Ia menilai, pendidikan yang dirancang sesuai dengan kebutuhan lokal dan potensi perempuan pedalaman dapat memperkuat peran mereka dalam menjaga lingkungan, melestarikan budaya, serta meningkatkan kesejahteraan keluarga.
Hal itu disampaikan Lestari dalam sambutannya pada diskusi daring bertajuk “Membangun Ekosistem Pemberdayaan Perempuan Berkelanjutan melalui Kebijakan Pendidikan Berbasis Kebutuhan Perempuan Pedalaman” yang digelar oleh Forum Diskusi Denpasar 12 dan Kongres Wanita Indonesia (Kowani), Rabu (12/11/2025).
Diskusi tersebut menghadirkan sejumlah pembicara internasional dan nasional, antara lain Santosh Khatri (Kepala Pendidikan Regional Multisektoral UNESCO), Dr. Baharudin (Direktur Pendidikan Nonformal dan Informal Kemendikdasmen RI), Dr. Gaudensia Diana KF (Sekjen Lembaga Perempuan Dayak Nasional/LPDN), Misiyah (Ketua Dewan Eksekutif KAPAL Perempuan), dan Dr. Devi Rahayu (Ketua Subkom Pendidikan Komnas Perempuan). Sementara Ketua Umum Kowani, Nannie Hadi Tjahjanto, juga hadir memberikan sambutan.
Menurut Lestari, berbagai hambatan geografis, sosial, dan ekonomi masih menjadi kendala utama bagi perempuan pedalaman untuk memperoleh pendidikan yang sesuai dengan kebutuhan hidup mereka.
“Kurikulum yang adaptif serta dukungan infrastruktur menjadi elemen penting untuk menjamin pemerataan kesempatan belajar bagi perempuan di daerah terpencil,” ujarnya.
Politisi Partai NasDem yang akrab disapa Rerie itu menambahkan, pembahasan Rancangan Undang-Undang Masyarakat Hukum Adat yang sedang bergulir di DPR diharapkan dapat segera disahkan. Undang-undang tersebut, katanya, akan menjadi payung hukum penting dalam memperkuat posisi perempuan adat dan mendorong pemberdayaan di tingkat komunitas.
Sementara itu, Ketua Umum Kowani Nannie Hadi Tjahjanto menegaskan bahwa kemudahan akses pendidikan bagi perempuan pedalaman merupakan bagian dari upaya meningkatkan kapasitas perempuan Indonesia sebagai Ibu Bangsa.

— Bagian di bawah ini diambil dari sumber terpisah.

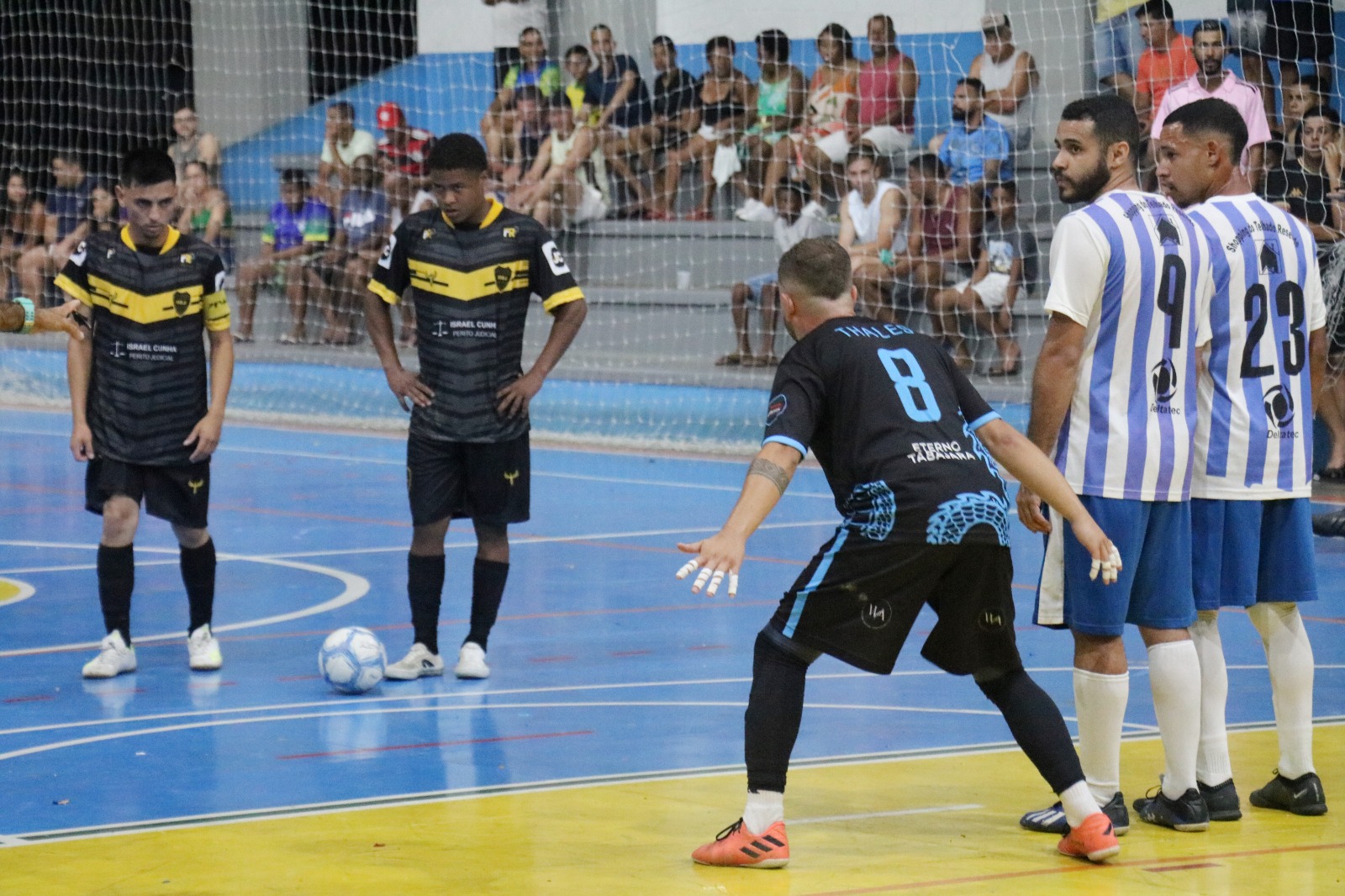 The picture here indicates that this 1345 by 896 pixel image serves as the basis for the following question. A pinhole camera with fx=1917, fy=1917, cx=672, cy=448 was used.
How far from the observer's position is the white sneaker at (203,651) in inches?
281

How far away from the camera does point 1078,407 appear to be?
4863 mm

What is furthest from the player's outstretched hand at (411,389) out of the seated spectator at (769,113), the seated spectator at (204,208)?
the seated spectator at (204,208)

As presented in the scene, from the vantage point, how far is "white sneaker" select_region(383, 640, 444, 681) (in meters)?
6.96

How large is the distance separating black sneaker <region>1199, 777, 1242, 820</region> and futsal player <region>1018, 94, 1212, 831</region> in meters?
0.12

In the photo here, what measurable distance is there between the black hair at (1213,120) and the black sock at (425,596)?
3.22m

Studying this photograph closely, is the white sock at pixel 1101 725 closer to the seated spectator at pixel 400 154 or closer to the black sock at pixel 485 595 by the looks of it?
the black sock at pixel 485 595

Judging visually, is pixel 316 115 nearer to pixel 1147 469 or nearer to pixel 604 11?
pixel 604 11

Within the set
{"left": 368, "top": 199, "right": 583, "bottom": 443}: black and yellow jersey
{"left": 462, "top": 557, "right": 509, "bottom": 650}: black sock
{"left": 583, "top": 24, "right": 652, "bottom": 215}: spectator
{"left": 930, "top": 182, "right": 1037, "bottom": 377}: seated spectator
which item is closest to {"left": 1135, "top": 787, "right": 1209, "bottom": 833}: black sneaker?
{"left": 462, "top": 557, "right": 509, "bottom": 650}: black sock

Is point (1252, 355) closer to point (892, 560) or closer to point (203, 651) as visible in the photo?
point (892, 560)

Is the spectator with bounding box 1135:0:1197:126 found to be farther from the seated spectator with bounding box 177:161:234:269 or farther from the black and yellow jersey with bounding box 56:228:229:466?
the seated spectator with bounding box 177:161:234:269

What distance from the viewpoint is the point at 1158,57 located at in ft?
43.2

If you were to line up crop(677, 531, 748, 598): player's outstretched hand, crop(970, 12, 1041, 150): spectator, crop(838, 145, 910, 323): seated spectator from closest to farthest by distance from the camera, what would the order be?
crop(677, 531, 748, 598): player's outstretched hand
crop(970, 12, 1041, 150): spectator
crop(838, 145, 910, 323): seated spectator

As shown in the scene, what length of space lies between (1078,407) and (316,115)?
17.8m

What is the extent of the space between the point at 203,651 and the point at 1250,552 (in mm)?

“Perempuan harus terus bertumbuh dengan kemampuan yang dimilikinya. Setiap hambatan dalam mengakses pendidikan harus segera diatasi,” ujarnya.
Dari perspektif komunitas adat, Sekjen LPDN Dr. Gaudensia Diana KF menyoroti peran penting perempuan Dayak yang memiliki posisi strategis dalam pengambilan keputusan adat. Ia menilai, pendidikan yang berkeadilan dapat menjadi modal bagi keberlanjutan pelestarian budaya Dayak.

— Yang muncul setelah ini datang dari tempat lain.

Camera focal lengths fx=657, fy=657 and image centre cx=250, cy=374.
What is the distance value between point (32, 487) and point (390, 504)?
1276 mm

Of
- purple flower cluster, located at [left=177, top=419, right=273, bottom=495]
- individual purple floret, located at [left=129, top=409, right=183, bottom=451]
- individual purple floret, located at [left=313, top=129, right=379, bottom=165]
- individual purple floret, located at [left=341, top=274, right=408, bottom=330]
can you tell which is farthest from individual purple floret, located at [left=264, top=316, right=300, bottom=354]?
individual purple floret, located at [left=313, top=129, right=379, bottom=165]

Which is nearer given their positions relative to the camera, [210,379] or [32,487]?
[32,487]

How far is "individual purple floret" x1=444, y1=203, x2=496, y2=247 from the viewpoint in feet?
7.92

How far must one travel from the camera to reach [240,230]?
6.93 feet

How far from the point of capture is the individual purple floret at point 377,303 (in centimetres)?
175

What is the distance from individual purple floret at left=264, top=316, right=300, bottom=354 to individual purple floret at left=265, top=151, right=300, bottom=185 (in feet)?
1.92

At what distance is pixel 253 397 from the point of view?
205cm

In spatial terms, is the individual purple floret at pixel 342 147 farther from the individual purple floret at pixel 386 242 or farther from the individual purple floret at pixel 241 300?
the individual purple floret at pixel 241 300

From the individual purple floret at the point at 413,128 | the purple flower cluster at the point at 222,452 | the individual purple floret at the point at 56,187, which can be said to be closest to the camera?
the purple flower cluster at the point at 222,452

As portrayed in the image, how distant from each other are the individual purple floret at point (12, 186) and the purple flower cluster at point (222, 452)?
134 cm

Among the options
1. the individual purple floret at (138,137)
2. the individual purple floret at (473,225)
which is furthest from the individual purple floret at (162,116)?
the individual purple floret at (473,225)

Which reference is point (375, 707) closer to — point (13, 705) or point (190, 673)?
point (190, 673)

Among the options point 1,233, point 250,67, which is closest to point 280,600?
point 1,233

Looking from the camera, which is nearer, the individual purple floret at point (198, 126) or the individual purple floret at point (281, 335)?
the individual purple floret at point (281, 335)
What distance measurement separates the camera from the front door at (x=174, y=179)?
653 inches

Gaudensia pun merekomendasikan pengembangan sekolah lapang yang mengajarkan nilai, bahasa, dan tradisi lokal agar dapat menjadi model bagi komunitas adat lain di Indonesia.
Sementara itu, Ketua KAPAL Perempuan Misiyah mengungkapkan, data UNDP 2023 menunjukkan 99,65 persen penduduk Indonesia masih memiliki bias gender. Karena itu, pihaknya menggagas Sekolah Perempuan sebagai ruang belajar bagi perempuan desa dan kelompok marjinal untuk memahami isu kesetaraan dan kepemimpinan perempuan.

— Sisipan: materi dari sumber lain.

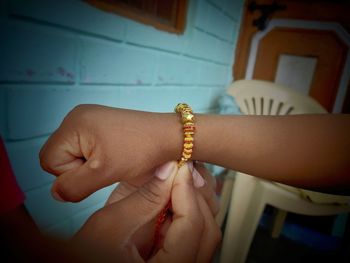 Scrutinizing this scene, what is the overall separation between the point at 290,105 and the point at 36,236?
3.80ft

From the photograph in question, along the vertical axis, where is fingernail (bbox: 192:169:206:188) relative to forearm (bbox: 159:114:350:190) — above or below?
below

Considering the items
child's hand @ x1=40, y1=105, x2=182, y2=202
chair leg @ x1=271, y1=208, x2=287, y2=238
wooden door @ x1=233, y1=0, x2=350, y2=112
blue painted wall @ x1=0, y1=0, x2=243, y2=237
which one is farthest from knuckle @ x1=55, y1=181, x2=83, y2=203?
wooden door @ x1=233, y1=0, x2=350, y2=112

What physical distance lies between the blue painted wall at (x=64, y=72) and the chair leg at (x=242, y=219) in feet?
1.71

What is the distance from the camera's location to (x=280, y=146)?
49 cm

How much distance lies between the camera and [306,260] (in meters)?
1.36

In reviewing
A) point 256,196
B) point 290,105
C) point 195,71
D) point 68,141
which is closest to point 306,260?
point 256,196

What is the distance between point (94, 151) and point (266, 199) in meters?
0.94

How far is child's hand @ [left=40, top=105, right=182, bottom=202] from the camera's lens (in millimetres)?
393

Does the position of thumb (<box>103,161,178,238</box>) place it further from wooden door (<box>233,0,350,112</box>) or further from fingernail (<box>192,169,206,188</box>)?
wooden door (<box>233,0,350,112</box>)

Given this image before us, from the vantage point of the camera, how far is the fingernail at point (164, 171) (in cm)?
46

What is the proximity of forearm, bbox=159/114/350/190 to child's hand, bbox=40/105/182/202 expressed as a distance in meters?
0.07

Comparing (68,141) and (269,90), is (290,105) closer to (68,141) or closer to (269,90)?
(269,90)

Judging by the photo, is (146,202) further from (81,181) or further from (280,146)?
(280,146)

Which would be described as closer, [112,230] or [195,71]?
[112,230] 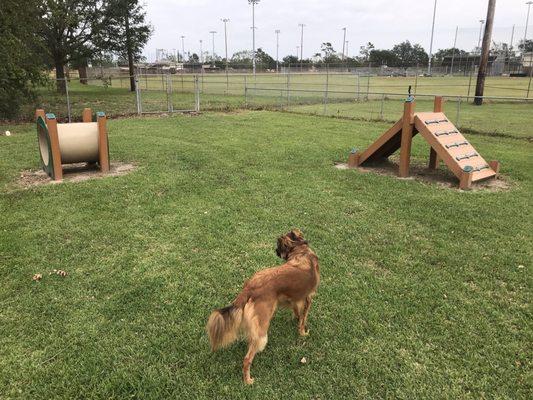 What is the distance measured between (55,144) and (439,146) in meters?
6.55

Dari Komnas Perempuan, Dr. Devi Rahayu menambahkan bahwa kesetaraan gender dalam pendidikan masih menjadi tantangan utama. Ia menekankan pentingnya menciptakan ruang aman di lingkungan keluarga dan kerja, serta mendorong akses pendidikan yang adil antara laki-laki dan perempuan.
Perwakilan UNESCO, Santosh Khatri, dalam kesempatan yang sama, menjelaskan bahwa UNESCO telah terlibat dalam pembangunan pendidikan Indonesia sejak 75 tahun lalu.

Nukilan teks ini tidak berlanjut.